Scientific review shows vegan diets are truly the best for your heart
An extensive analysis of studies spanning 50 years and numerous countries was undertaken in order to assess the impact of diet on heart disease risk factors. The diets compared were vegan and omnivorous (meat-eaters). When the scientists looked at the average food intake of each, they discovered that vegans consumed slightly fewer calories but the main difference was in saturated fat – meat-eaters’ saturated fat intake was double that of vegans! In line with this contrast, the heart disease risk factors were much less or non-existent in vegans. The study found vegans were lighter and slimmer, had less cholesterol and fat in their blood, lower blood sugar levels and lower blood pressure.
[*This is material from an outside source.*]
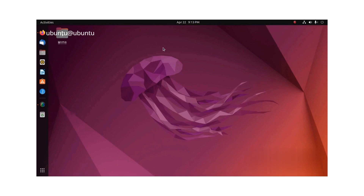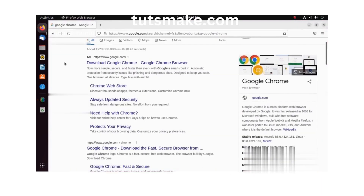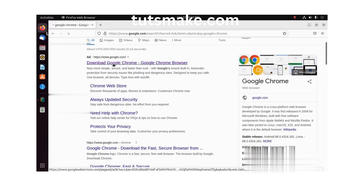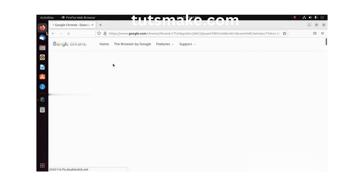Hello and welcome guys. In this video, I'm going to show you how to install and use Google Chrome browser on Ubuntu 22.04 system. First of all, go to the Google Chrome website and download the zip file of Google Chrome browser, as you can see on the screen.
Even though vegans had lower total and saturated fat intake, they consumed more polyunsaturated fats, which are associated with beneficial heart effects.
The only set of studies included in the analysis that didn’t show favourable effects of vegan diets on heart health was from Taiwan. Upon closer inspection, it became obvious that this may be to do with saturated fat – its intake was very similar in Taiwanese vegans and meat-eaters which may explain the aberrant result. The authors also speculated that the difference between traditional and vegan diet is not as marked in Taiwan as is in other countries.
Benatar JR and Stewart RAH, 2018. Cardiometabolic risk factors in vegans; A meta-analysis of observational studies. PLoS One. 13 (12): e0209086.